• ABOUT THIS TASK
In the data below, set down exactly the lines from the one containing "Cutting the ribbon" up to and including the one containing "Workers are seen". Leave the pictures out.

• DATA TO PROCESS
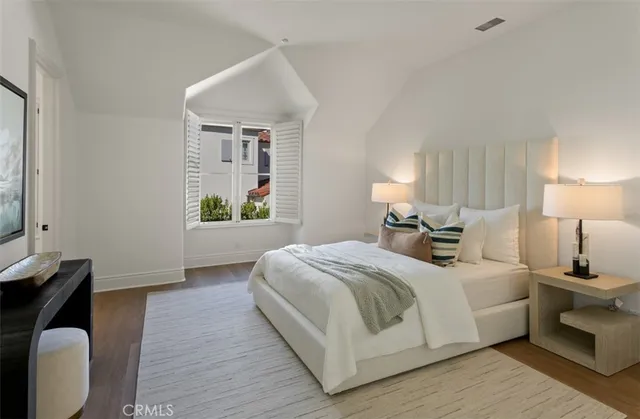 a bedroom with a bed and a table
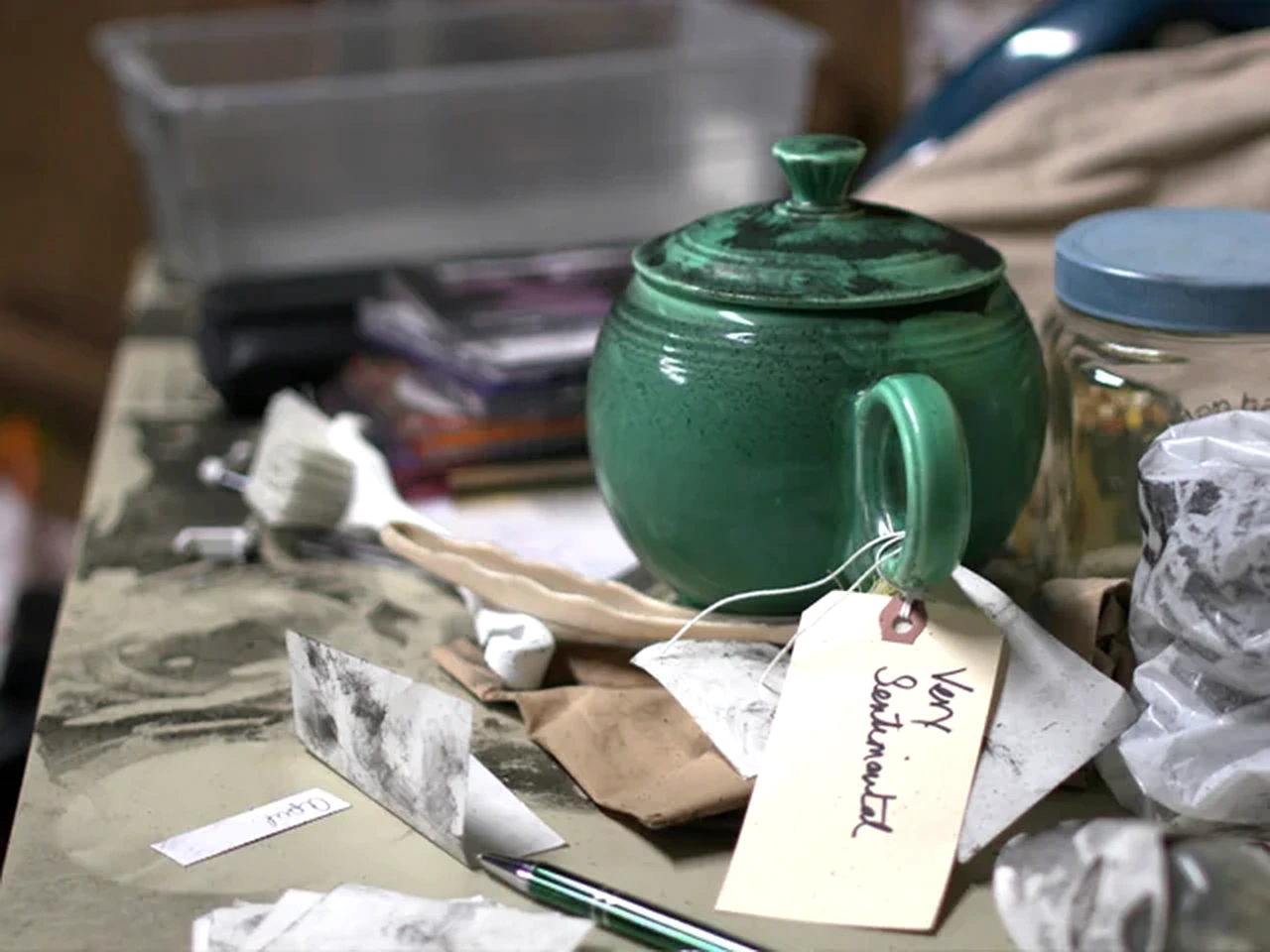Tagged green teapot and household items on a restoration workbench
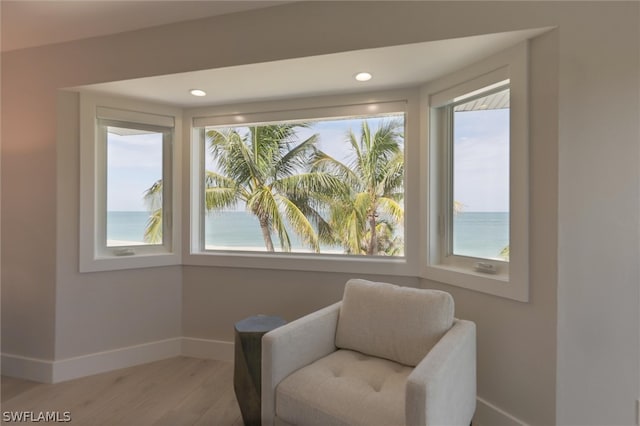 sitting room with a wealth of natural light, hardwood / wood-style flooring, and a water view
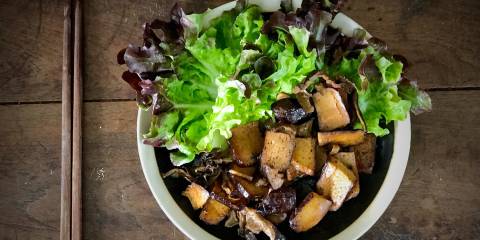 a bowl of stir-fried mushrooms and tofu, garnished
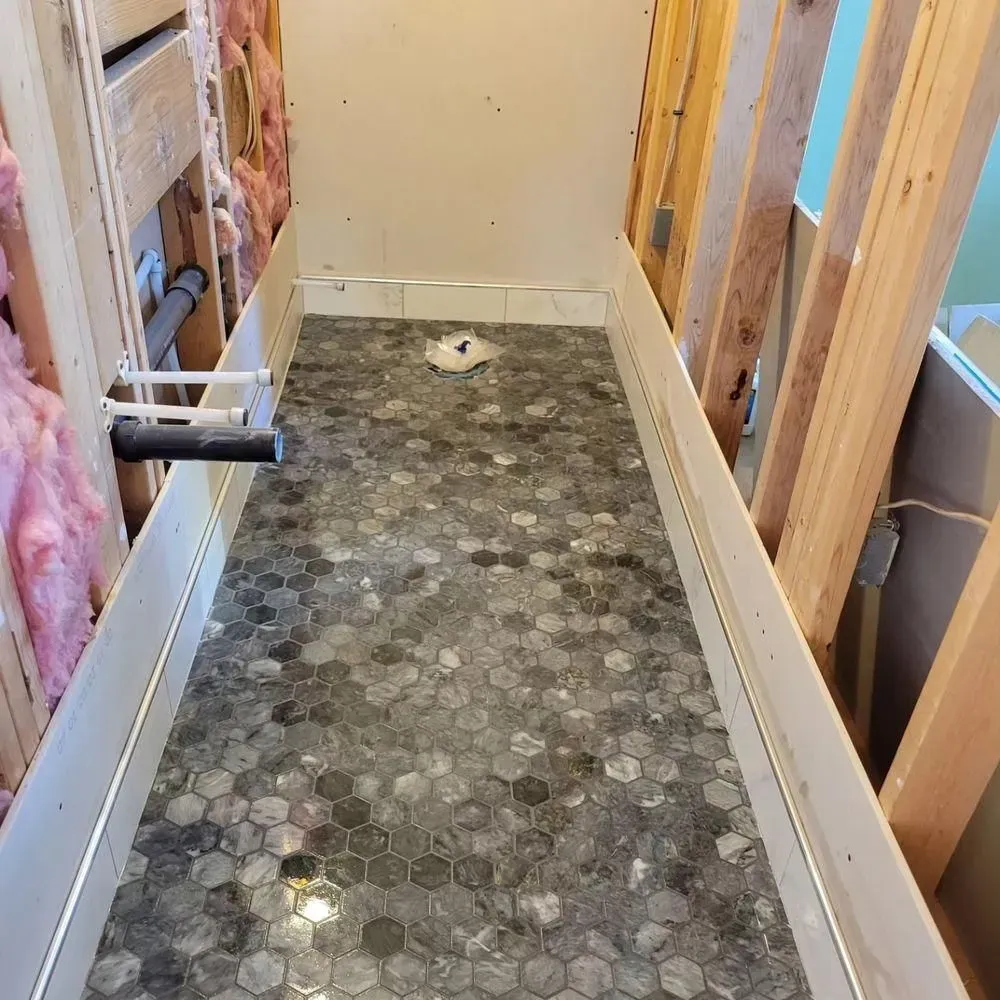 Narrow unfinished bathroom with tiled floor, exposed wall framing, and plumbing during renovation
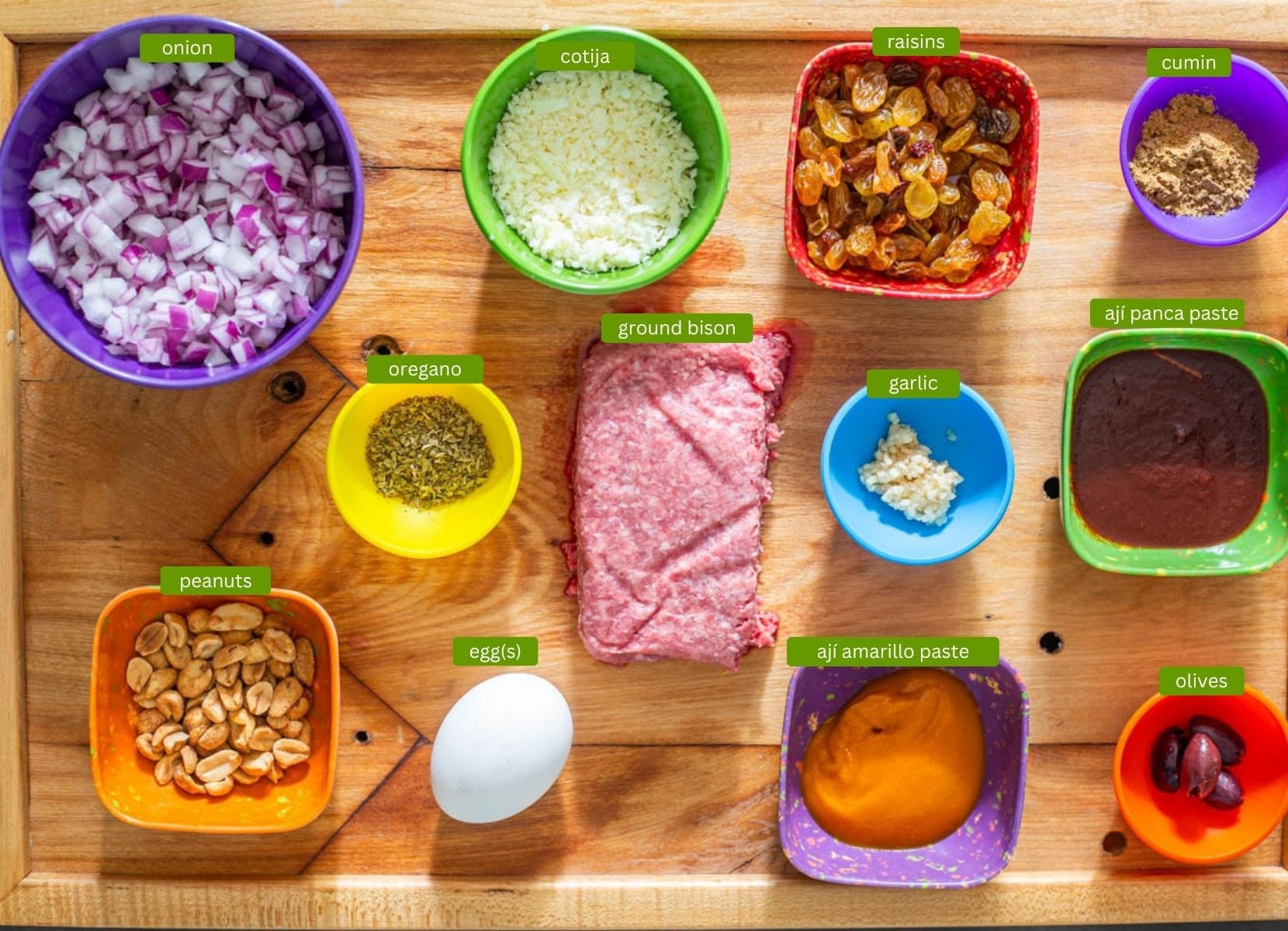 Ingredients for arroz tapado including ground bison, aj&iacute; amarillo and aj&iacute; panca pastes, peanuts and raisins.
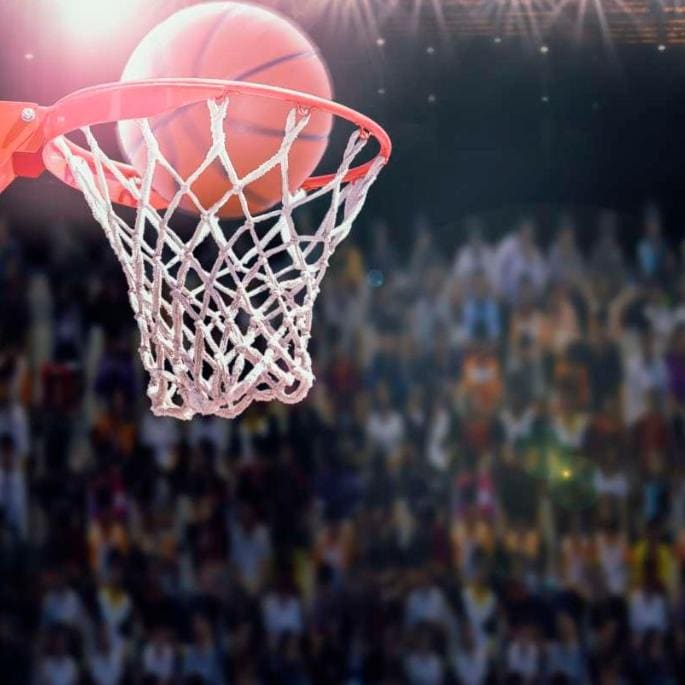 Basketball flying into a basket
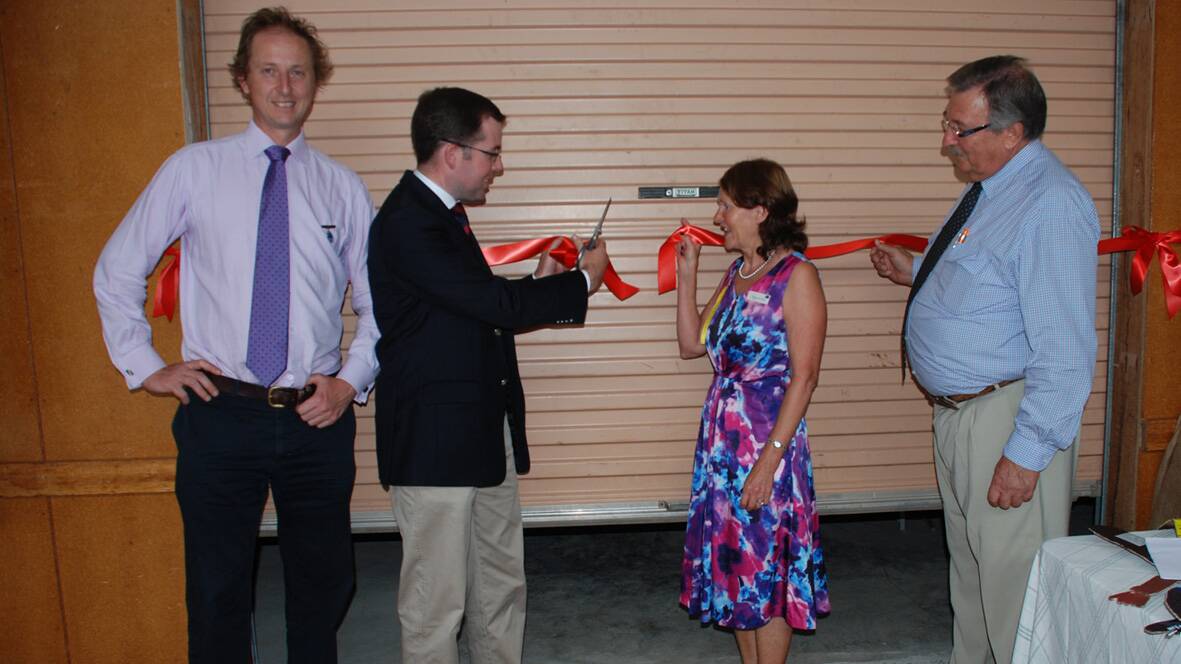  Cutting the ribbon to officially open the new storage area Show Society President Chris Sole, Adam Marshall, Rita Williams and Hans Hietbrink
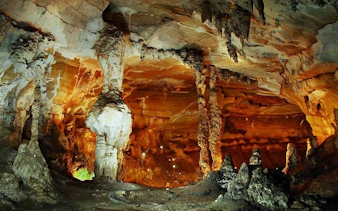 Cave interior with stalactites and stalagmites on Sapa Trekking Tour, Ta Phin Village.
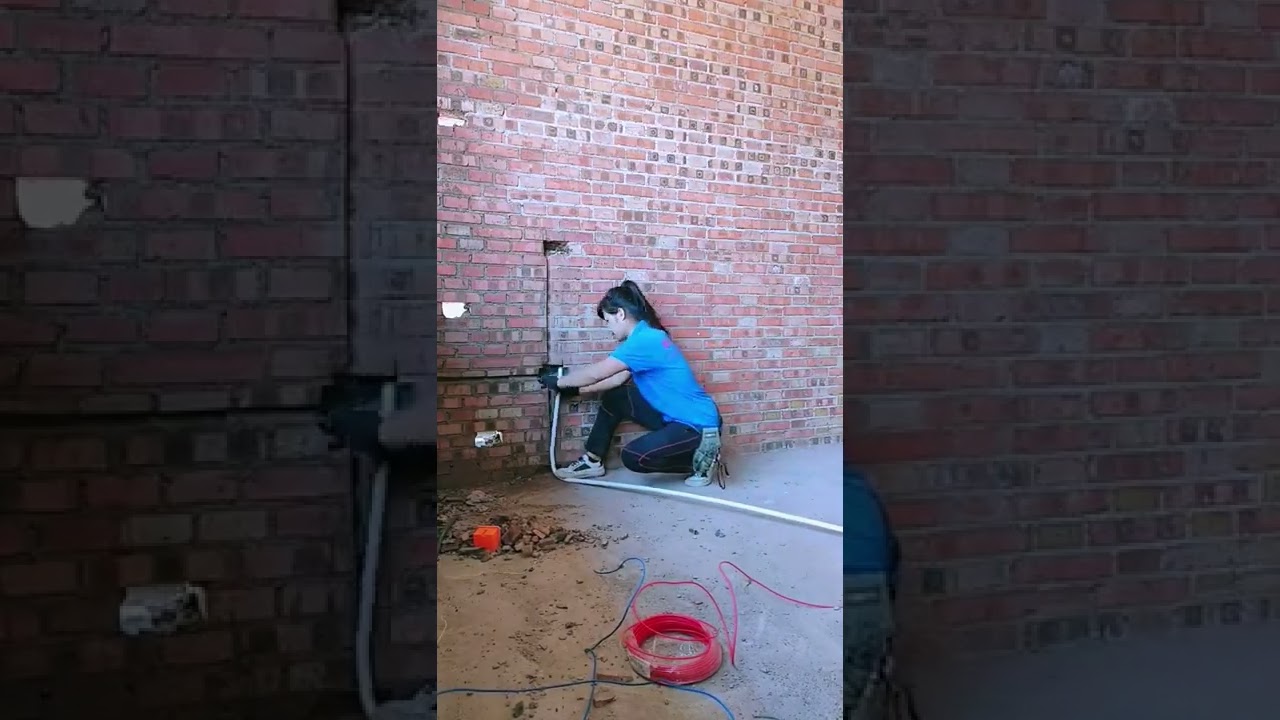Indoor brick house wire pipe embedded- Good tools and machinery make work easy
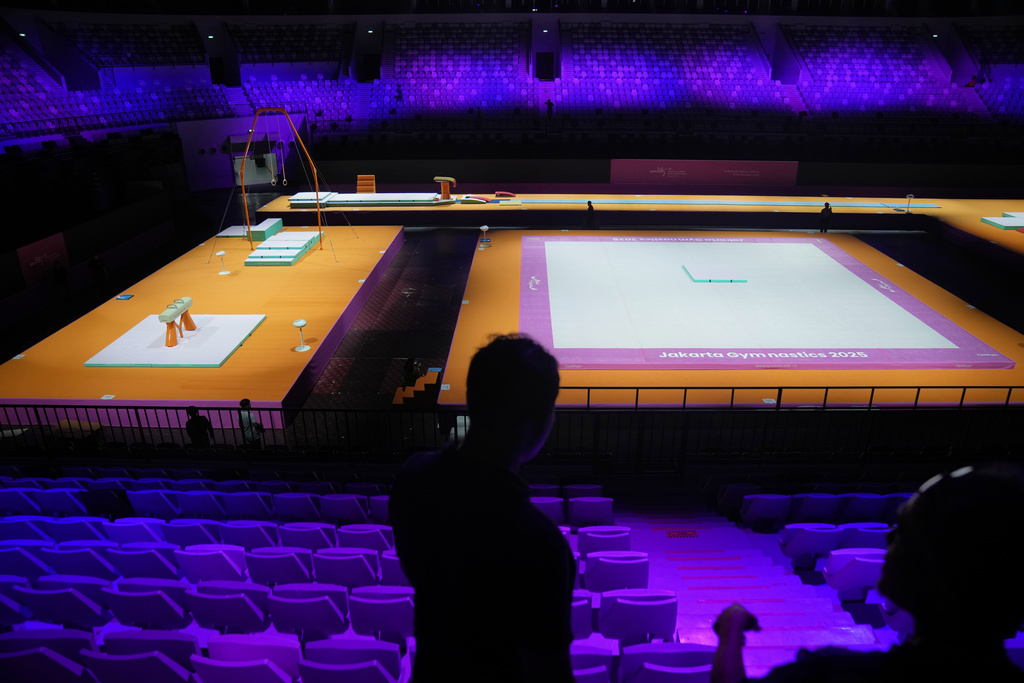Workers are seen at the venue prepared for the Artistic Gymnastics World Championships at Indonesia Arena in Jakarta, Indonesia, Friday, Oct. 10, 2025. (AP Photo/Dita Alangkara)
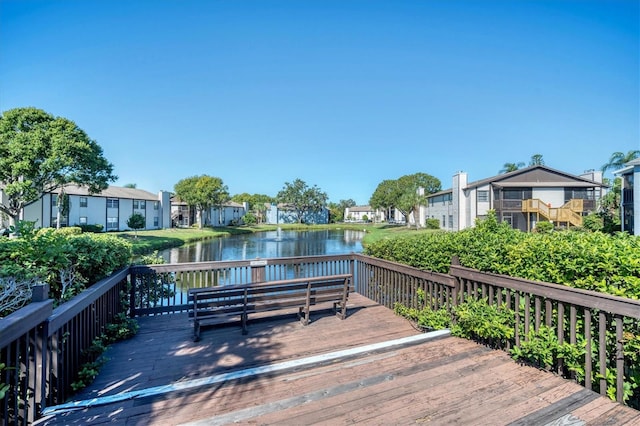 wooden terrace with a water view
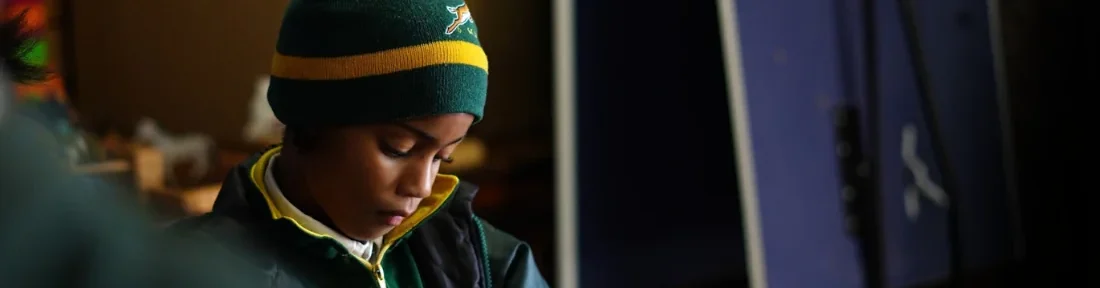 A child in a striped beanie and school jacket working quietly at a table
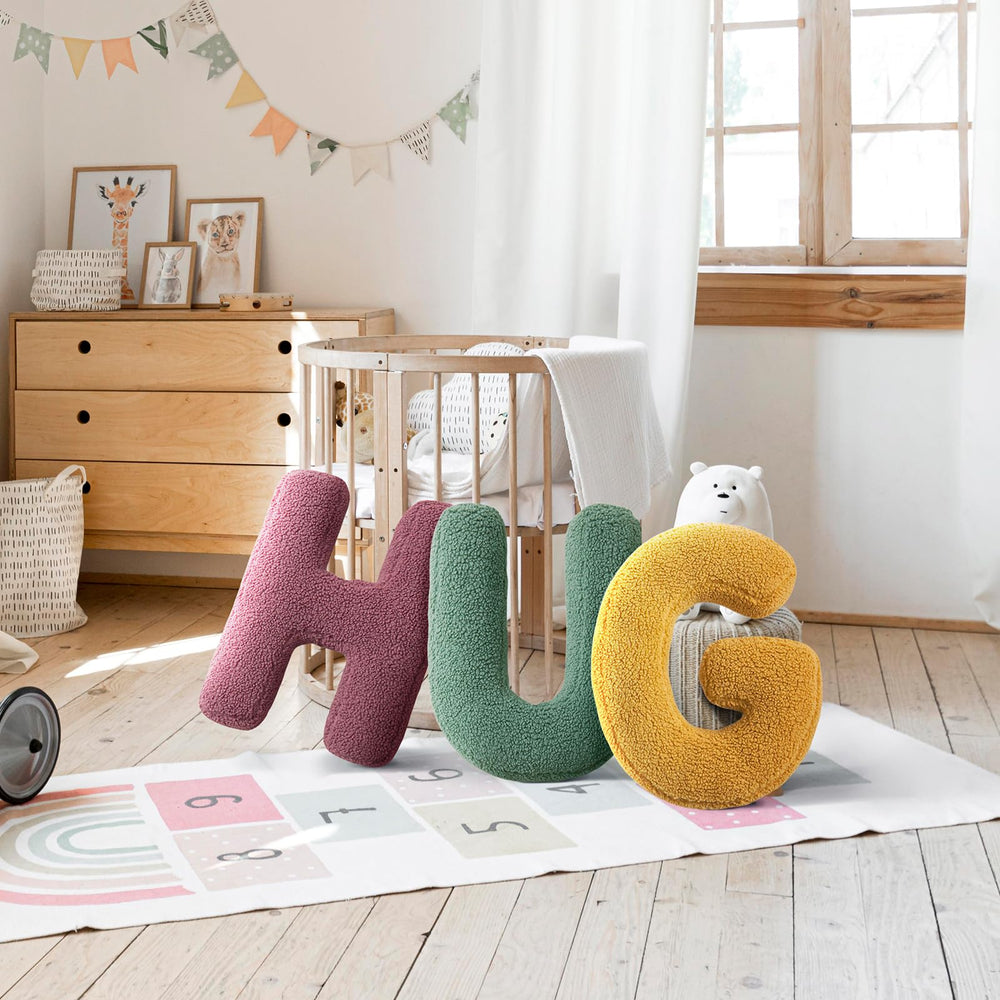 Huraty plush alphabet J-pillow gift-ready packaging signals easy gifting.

• SOLUTION
  Cutting the ribbon to officially open the new storage area Show Society President Chris Sole, Adam Marshall, Rita Williams and Hans Hietbrink
 Cave interior with stalactites and stalagmites on Sapa Trekking Tour, Ta Phin Village.
Indoor brick house wire pipe embedded- Good tools and machinery make work easy
Workers are seen at the venue prepared for the Artistic Gymnastics World Championships at Indonesia Arena in Jakarta, Indonesia, Friday, Oct. 10, 2025. (AP Photo/Dita Alangkara)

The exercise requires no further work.